Cannabis is illegal here as well, but since growing, selling and consuming cannabis is a nonviolent, victimless crime, and since places like Vancouver have bigger problems to deal with, the police have taken a common sense approach.

The only “anomaly” is the municipal government invoking ultra vires by regulating dispensaries and compassion clubs.

Everything else is part of the growing recognition that where there’s no victim, there’s no crime.

Where there’s peaceful consensual relations on private property, the state has little reason to intervene.

As well, the police are an inefficient tax-funded monopoly of security services, and so are always “strapped” for cash and running over budget.

Unlike in the private sector, where cutting costs are rewarded by profit, state bureaus don’t depend on this market signal and thus are incapable of allocating their resources effectively.

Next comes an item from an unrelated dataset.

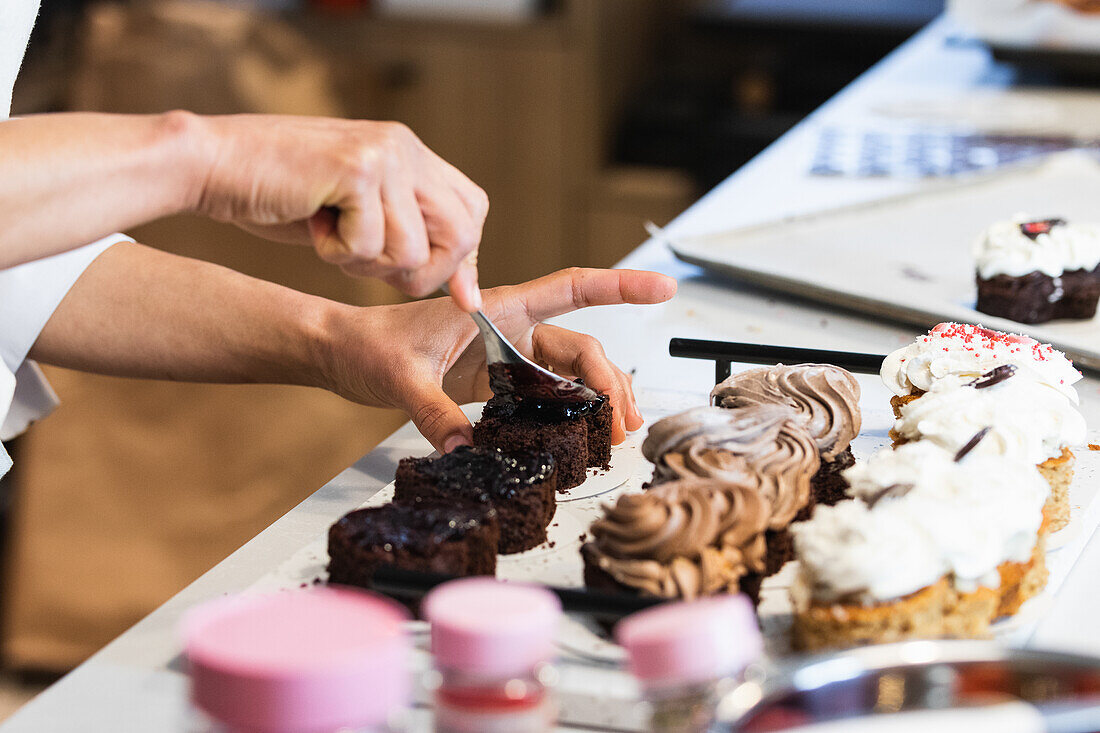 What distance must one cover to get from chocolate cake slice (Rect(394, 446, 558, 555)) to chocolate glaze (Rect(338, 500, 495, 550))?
0.03 metres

Thus, cannabis enforcement takes low priority over meth and a homelessness problem.

And, as Weighill alluded to, the Liberals plan to introduce legislation next spring so what’s the point of overbearing enforcement?

Or any at all?

The Liberals rejected decriminalization based on a contradiction. If prohibition isn’t keeping kids safe, and therefore we must legalize, then what reason is behind prolonging prohibition? If it’s harming the children then we should legalize as soon as possible.

Unless, of course, certain forms of legalization are worse than absolute prohibition and will negatively impact “the children.”

But on what basis is this argument made?

What’s stopping every police department in the country from dropping the priority status of cannabis?

What’s preventing the Liberals from allowing the provinces to determine their own legal regime?

Oh right, money, power, and a blind obedience to “the law.”